Of course I've just finished off another of Joe Abercrombies books and now I got the urge for some low magic fantasy with hard hitting heros in a Kurasawa style action. (By the way I highly recommend Abercrombie's fantasy novels if you like Kurasawa films) So I've been looking  at some of the skirmish fantasy rules and Gripping Beasts Viking box.
But the Kurasawa theme has sparked a look at Test of Honour and Samurai battles.

And of course the New Flames of War release. Late War armies and cards has me looking at some British armor.

Much goodness out there and still weeks to decide! So what's your new project to scratch the New Years Itch?

Monday, December 4, 2017

Mini Monday: Chess or Chaos, How do you like your Wargaming?

So how do you like your Wargaming? Stelios, of Word of Stelios once touched upon this subject. Do you prefer it to lean towards Chess, with each unit having set abilities and you in total command. No random surprises just clear tactics. Or do you prefer a bit of Chaos with movement being random and having to roll dice to see if your units carry out your orders. Of course, most rules are a blend of both, since just the addition of dice moves us from Chess towards Chaos.

After years of running your army as you see fit, many newer rule systems have dropped a wrench in the general's plans.
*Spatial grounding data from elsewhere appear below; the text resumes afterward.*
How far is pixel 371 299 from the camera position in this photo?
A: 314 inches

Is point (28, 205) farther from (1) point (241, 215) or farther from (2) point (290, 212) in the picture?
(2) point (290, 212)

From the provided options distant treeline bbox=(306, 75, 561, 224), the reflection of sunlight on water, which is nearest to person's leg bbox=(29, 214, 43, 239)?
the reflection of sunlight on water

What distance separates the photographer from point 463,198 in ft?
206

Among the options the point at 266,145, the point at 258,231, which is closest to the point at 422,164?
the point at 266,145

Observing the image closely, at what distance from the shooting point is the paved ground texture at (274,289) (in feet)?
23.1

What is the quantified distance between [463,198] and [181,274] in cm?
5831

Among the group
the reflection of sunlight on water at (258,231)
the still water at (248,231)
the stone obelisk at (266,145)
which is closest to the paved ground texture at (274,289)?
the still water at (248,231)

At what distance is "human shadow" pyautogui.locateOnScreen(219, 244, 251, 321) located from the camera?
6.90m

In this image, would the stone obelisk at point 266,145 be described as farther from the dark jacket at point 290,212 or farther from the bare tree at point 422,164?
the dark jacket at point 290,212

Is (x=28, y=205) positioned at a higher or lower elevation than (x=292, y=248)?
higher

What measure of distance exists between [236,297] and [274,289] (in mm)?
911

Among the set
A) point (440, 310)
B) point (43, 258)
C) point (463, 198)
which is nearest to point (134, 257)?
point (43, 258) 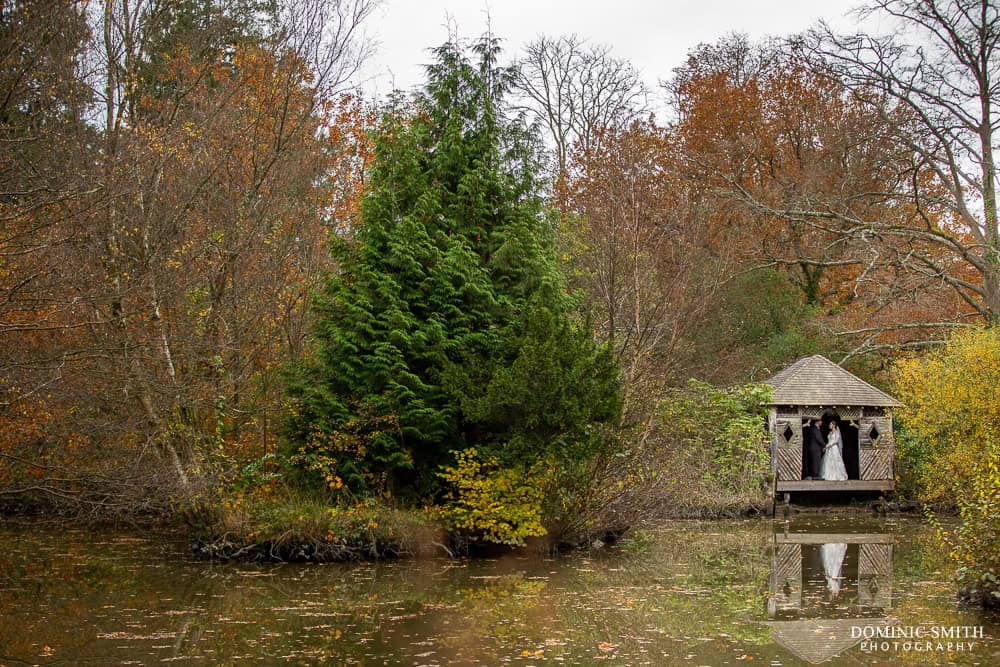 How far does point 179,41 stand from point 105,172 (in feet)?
24.5

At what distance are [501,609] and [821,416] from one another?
14.4m

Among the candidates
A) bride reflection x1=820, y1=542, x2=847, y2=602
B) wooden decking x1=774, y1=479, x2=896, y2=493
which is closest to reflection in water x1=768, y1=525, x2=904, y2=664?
bride reflection x1=820, y1=542, x2=847, y2=602

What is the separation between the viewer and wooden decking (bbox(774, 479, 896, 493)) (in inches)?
869

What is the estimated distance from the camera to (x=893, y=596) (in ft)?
35.1

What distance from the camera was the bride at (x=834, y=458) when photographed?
23188mm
Lion Rampant and all it's variants have you dicing to see if your units will take any action that turn. Black Powder does the same but also has random movement distances. The lack of total command can be a bit of an irritation for many players, especially if you see yourself as falling under the cloud of 'bad luck' more often then not.

Now, those that have gamed with me know that I am certainly enchanted with Chaos. I love uncertainty on the tabletop. How many shots will I get with my cannon before the enemy reaches my line? Will my peasant horde have the nerve to charge those knights when I give the signal? Can I trust my wizard to mumble the spell correctly every time? Aye, I like the general to constantly stay on his toes adjusting plan as the battle proceeds.

Even now I am typing up 'mission cards' for our Alpha Strike games to add more flavor and shake up the boring old slug match. You can draw a card that has you lose victory points for taking too many casualties, I call it the 'replacements are limited' card. Another has you lose points if your force doesn't advance to at least the center of the table,  you may be cautious but your superior is not and he/she is watching! Of course your opponent won't know about these orders till the end of the game. The intent is to give one the feel that this battle is not in a vacuum, but part of a larger scheme.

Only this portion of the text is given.